Parmi les villages les plus touchés figurent Mahumbezi, Ngomboke, Kitendebiwa et Katasomwa, où les belligérants recourent aux armes lourdes et légères depuis trois jours, expliquent des habitants joints par notre rédaction.
La matinée du mardi 24 février 2026, les combats ont repris avec une forte intensité, obligeant des centaines d’habitants à fuir leurs villages, tandis que d’autres sont restés terrés dans leurs maisons. Alors que les écoles avaient ouvert leurs portes à Bushaku 1 et 2, de fortes détonations ont provoqué la panique. Les parents se sont précipités pour récupérer leurs enfants, tandis que les enseignants, comme d’autres paysans, ont dû prendre la fuite.
Les déplacés se sont dirigés vers des entités situées sur le littoral du lac Kivu ou vers d’autres villages jugés relativement sécurisés. Plusieurs témoignent de leur fatigue face à la persistance de la guerre.
Sous couvert d’anonymat, un habitant déplacé de Katasomwa plaide pour la cessation des hostilités :
« Ces affrontements ont encore commencé à Katasomwa depuis dimanche 22 février. Les bombes sont d’une intensité indescriptible. Certains restent enfermés dans leurs maisons, mais nous qui ne supportons plus, surtout à cause de la famine, nous cherchons où aller. Le problème, c’est que ceux qui combattent nous accusent d’être des collaborateurs de leurs adversaires. Nous voulons la paix. Nous ne pouvons plus travailler.
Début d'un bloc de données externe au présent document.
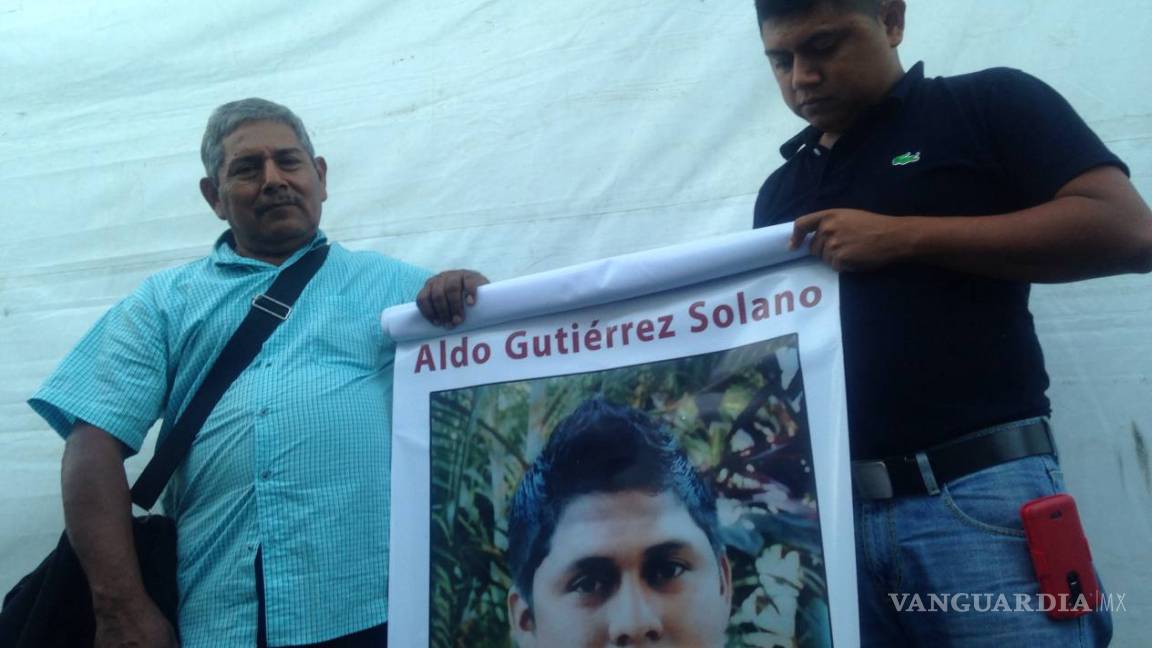 Confirman médicos estado vegetativo de alumno sobreviviente de Ayotzinapa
La guerre nous fait trop souffrir. Nous voulons la paix », a-t-il indiqué.
Entre-temps, des défenseurs des droits humains dans la zone dénoncent le prélèvement de deux élèves de 4ᵉ année des humanités, portés disparus depuis le 19 février dernier. Les ravisseurs exigeraient une rançon.
Dans les localités de Katasomwa, Bushaku, Nyawaronga et ailleurs, les activités scolaires restent suspendues depuis lundi dernier en raison des affrontements récurrents. Plus de sept blessés par balles ont déjà été enregistrés. La zone demeure difficilement accessible, compliquant toute intervention, notamment l’assistance aux structures médicales ou l’évacuation des blessés vers des centres appropriés.
Des combats signalés également à Kabare
Dans le territoire de Kabare, précisément au village de Kahungu, dans le groupement d’Irhambi-Katana, d’autres combats ont éclaté tôt le matin du mardi 24 février 2026 entre les troupes de l’AFC/M23 et les combattants Wazalendo.
Sans donner plus de détails, des sources locales indiquent que les combats ont duré plusieurs heures, provoquant une forte psychose au sein de la population de ce village situé à proximité du groupement de Bugorhe, à travers le village de Tshibati, aux abords du Parc National de Kahuzi-Biega.
Les affrontements se sont ensuite déplacés jusqu’à Mulangala, dans le groupement de Bugorhe, jusque dans l’après-midi. Les paysans qui se rendaient aux champs ont dû rebrousser chemin, tandis que les petits marchés ont fonctionné au ralenti. Le calme est revenu plus tard dans la journée, permettant aux habitants de se ravitailler, concluent nos sources sur place.
Pas de répit dans les hauts plateaux de Fizi et Mwenga
Plus au sud, dans le territoire de Fizi, les combats se sont intensifiés ces derniers jours dans plusieurs villages des hauts plateaux, notamment à Minembwe et dans les environs du territoire de Mwenga.
Ces affrontements ont été rapportés dans des villages autour de Minembwe, à la suite notamment de frappes aériennes attribuées aux Forces Armées de la République démocratique du Congo et à leurs alliés burundais, appuyés par des combattants Wazalendo, contre des positions des éléments Twirwaneho, alliés à l’AFC/M23.
Les combats ont été d’une forte intensité à Mikenge, en secteur d’Itombwe (territoire de Mwenga), ainsi qu’à Bidego et Irumba, deux villages environnant Minembwe.
Pour la journée du mardi 24 février 2026, des sources locales rapportent la poursuite des combats autour de Mulima et Mkoko, deux entités stratégiques donnant accès à l’axe Mwenga.
Sur le terrain, la situation demeure incertaine et les populations restent confrontées à une crise humanitaire de plus en plus préoccupante, selon des acteurs de la société civile dans la zone.